9 mars 2023
Texte publié dans La Presse le 9 mars 2023, par André Castonguay, directeur général du Réseau québécois des OSBL d’habitation.
Dans des propos rapportés la semaine dernière par le chroniqueur Maxime Bergeron, la ministre responsable de l’Habitation, Mme France-Élaine Duranceau, a annoncé la fin du programme AccèsLogis (ACL), remplacé par le Programme d’habitation abordable Québec (PHAQ), que l’on sait pourtant inapproprié pour répondre aux besoins des personnes à faible revenu. Qui plus est, ce programme n’est pas adapté aux projets qui visent à répondre aux personnes qui ont des besoins particuliers – personnes handicapées, itinérance, santé mentale, etc. Le PHAQ, en plus d’exiger une plus grande contribution financière des municipalités, permet à des développeurs privés à but lucratif d’utiliser des fonds publics pour construire des logements que l’on dit abordables, mais qui ne le seront pas pour tout le monde, et seulement pour un temps limité qui pourrait n’être que de 10 ans – après quoi ces promoteurs pourront faire ce qu’ils veulent, incluant vendre, faire des rénovictions, etc. Les promoteurs communautaires, coops ou OSBL, s’engagent quant à eux à perpétuité, pour toute la durée de vie de l’immeuble et garantissent des milieux de vie qui favorisent la stabilité résidentielle.

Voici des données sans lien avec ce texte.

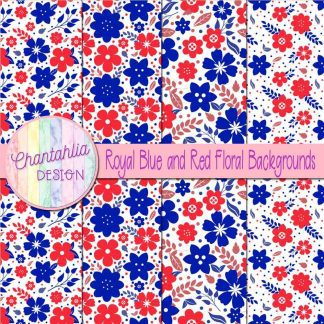 Free royal blue and red floral backgrounds
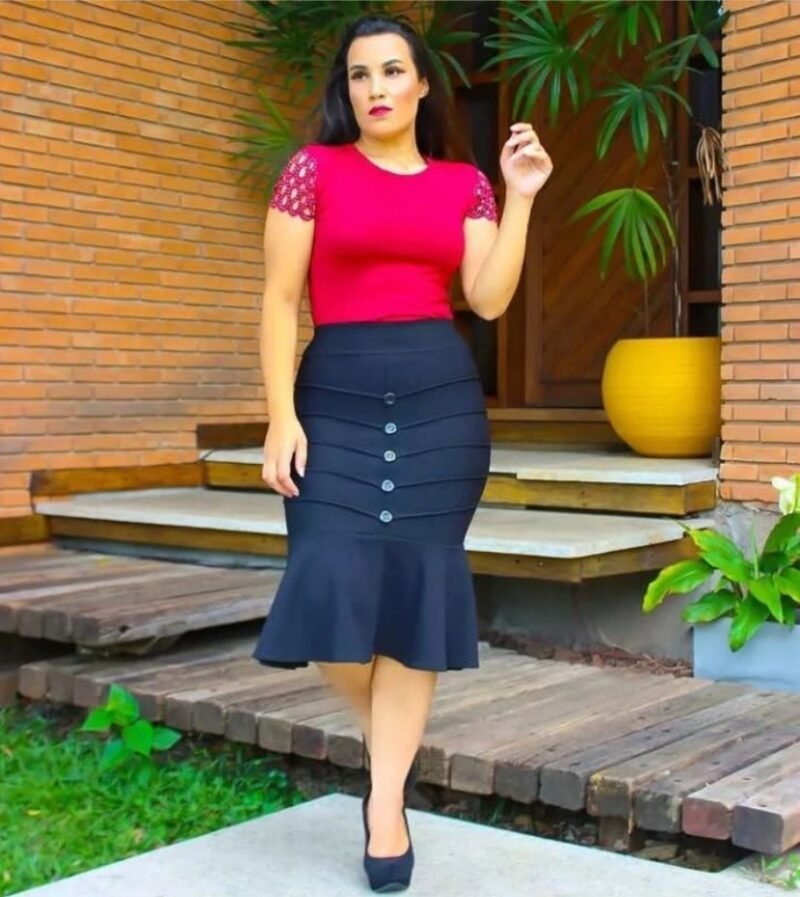 Saia De Babado De Botao Moda Cristã Lançamento Em Alta Midi - Image 6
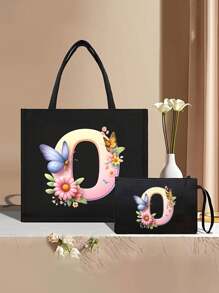 Color Gradient Butterfly Flower Letter A-Z Pattern Tote And Cosmetic Bag Set, Casual Style, Fabric Structure - Black - View 49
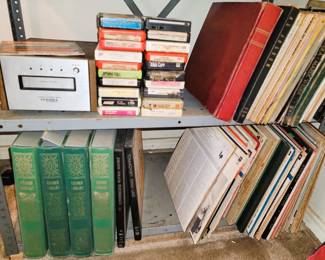 Records (classical and opera), 8-track tapes (classic rock) and 8-track player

Au cours des 25 dernières années, AccèsLogis a été le principal instrument pour répondre aux besoins des ménages à faible ou modeste revenu. En date du 31 mars 2022, pas moins de 35 826 logements destinés à des familles, des personnes ainées et des personnes ayant des besoins particuliers ont été livrés grâce à ce programme, dont près des deux tiers par des OSBL d’habitation. Son succès tenait entre autres au fait que sa mise en place fut le résultat d’une co-construction entre l’État et les secteurs communautaire et financier.
Certes, le programme est devenu moins performant au fil du temps, mais c’est principalement en raison de son sous-financement chronique et de la non-indexation des coûts maximums admissibles de 2009 à 2019, qui font que la subvention gouvernementale ne couvre plus que 32 % des coûts de réalisation, alors qu’elle est censée atteindre 50 %, un seuil indispensable pour la viabilité de tout projet. Plutôt que de faire un bilan lucide du programme et d’admettre la responsabilité de l’État dans ce fiasco, la ministre a préféré jeter le blâme sur les milieux, les municipalités, les organismes promoteurs, leurs bénévoles et les entreprises d’économie sociale (les groupes de ressources techniques) qui les soutiennent.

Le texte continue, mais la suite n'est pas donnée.